Maybe, I thought, searching the catalog of the Dallas Public
Library, there was some earlier writing of Kurtén’s that Auel had referenced.
Could it be his nonfiction, The Cave Bear
Story, available in English by 1976? No, again. In fact, Kurtén completely
demolishes the title myth of Auel’s book – ritualistic worship of the gigantic
extinct cave bears by a clan of Neanderthals (or any humans, for that matter).
Most modern paleontologists agree with Kurtén. And to think
what a lovely central motif Auel’s brand of cave bear worship made. What reader
could forget the great gathering of Neanderthal clans in The Clan of the Cave Bear, a gathering at which the great bear is
killed and eaten. Or the sacramental, males-only accidentally observed by Auel’s
human heroine, Ayla, which confers her with shamanistic powers.
Not that Auel went completely out on a limb with the
bear-god idea.
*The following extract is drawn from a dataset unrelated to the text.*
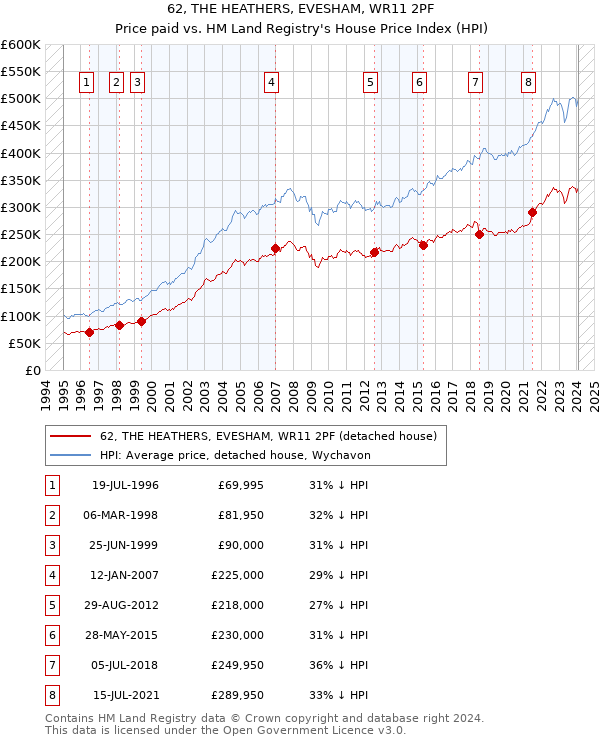 62, THE HEATHERS, EVESHAM, WR11 2PF: Price paid vs HM Land Registry's House Price Index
The myth’s source lay in the early 20th century
discovery by Emil Bächler at Drachenloch (Dragon’s Lair) Cave in the Swiss
Alps. Located at an altitude that would
have made it accessible only during an interglacial period coinciding with the Neanderthals’ early existence in Europe, the cave contained great numbers of cave bear remains,
including skulls and leg bones. “To his surprise,” Kurtén writes, “Bächler came
to realize that the skulls and bones . . . seemed to be oriented rigidly in
certain preferred directions. Could they have been deliberately placed there by
man?”
Unfortunately for Bächler’s theory, he took no photographs,
and what appeared to him to be human artifacts were destroyed during a later
excavation. His own sketches, published in 1923 and 1940, contradict both
each other and his written descriptions. Finally, there is no surviving
evidence for any human occupation of the cave other than brief occasional
visits by individuals or small groups.
But what about the alignment of the bones? Wasn’t that of
human origin?
“It is evident that repeated pushing (by successive waves of
hibernating bears) of such elongate objects as skulls, jaws, and long bones
into niches or along walls will inevitably tend to align them in the same
direction,” Kurtén writes, “. . . while skulls in the middle of the cave floor
will be trampled to fragments. . . ”
And Auel’s image of the mostly vegetarian cave bears as
benign guiding spirits? “The African buffalo is also a complete vegetarian, but
he does not impress one as docile,” Kurtén reports wryly. Tellingly, his books
are not among the references Auel’s lists on her website.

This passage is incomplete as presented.